Someone please, PLEASE remind me that I need to take a vacation between Christmas and Easter. I even had last Sunday off from preaching, and I still feel too drained to face Holy Week. I don't feel like my treatment of Lent was really leading us anywhere logical which is interesting to me. I didn't really do a comprehensive, thematic Lent which is part of the reason. I also don't feel like I brought us anywhere together. My preaching was a little more to individuals than to the church, which is how I usually preach. That just makes it feel different to me. I don't know if I can articulate why.
I think I'm going to make a little break with the way I was trained in seminary with this Palm/Passion Sunday and go a little old school. They really pushed us to make sure we did the Palms and Passion the week before Easter to make sure our congregations weren't all triumphalistic. I remember being told that not many people will come to other Holy Week services so we better get the cross part of the story told when they were all there. I've gone along with that and probably for the most part it's at least somewhat true.

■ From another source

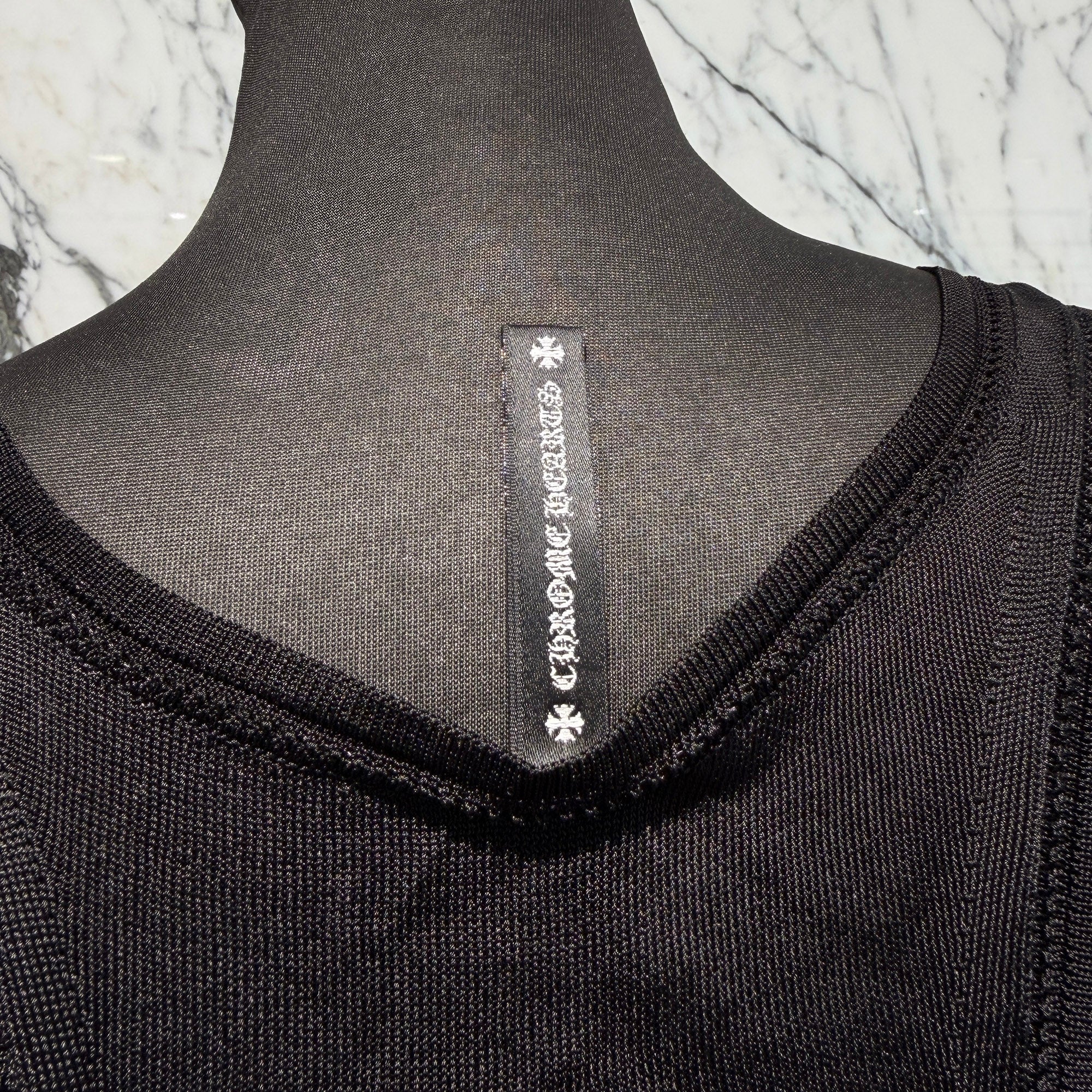 CHROME HEARTS CH Plus Embroidered Mesh Rayon Tank Top Size S クロムハーツ CHプラス刺繍 メッシュ レーヨン タンクトップ サイズS
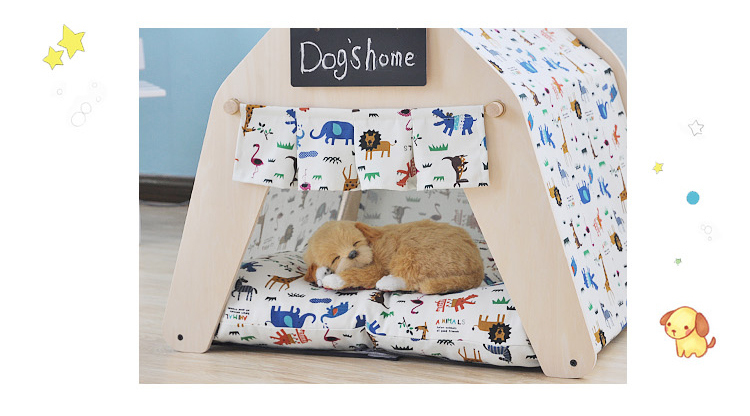 Cartoon Animal Dog Tents Printing Pine Wood Dog House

However, do we not also give people a reason to miss all those Holy Week services if we cover it all on one Palm/Passion Sunday? Do we have to be so pessimistic to assume they don't care? Could there also be a little bit of arrogance in the assumption that if they aren't doing it our way they don't understand the power and the importance of the cross?
Anyway, I think this year I'm going with Palm Sunday alone. My last Palm Sunday sermon really stunk (2009), so I think I'm ready to try it again. I will certainly allude to what is coming, but I'm not going to feel obligated to do all of Holy Week in one Sunday service.
So, with Matthew's version of Jesus entering into Jerusalem right now I'm chewing on the phrase "The Lord needs them." What does the Lord need? I don't think of the Lord NEEDING much, but the Lord needs things. It stuck out at me.
Also, there's the question "Who is this?" The people say a prophet, but throughout the passage Jesus is identified as "the Lord" (referring to himself), "the king" (by the reference of the quoted prophet v.5), and the "Son of David."
Not sure what any of this will amount to, but I'm still thinking.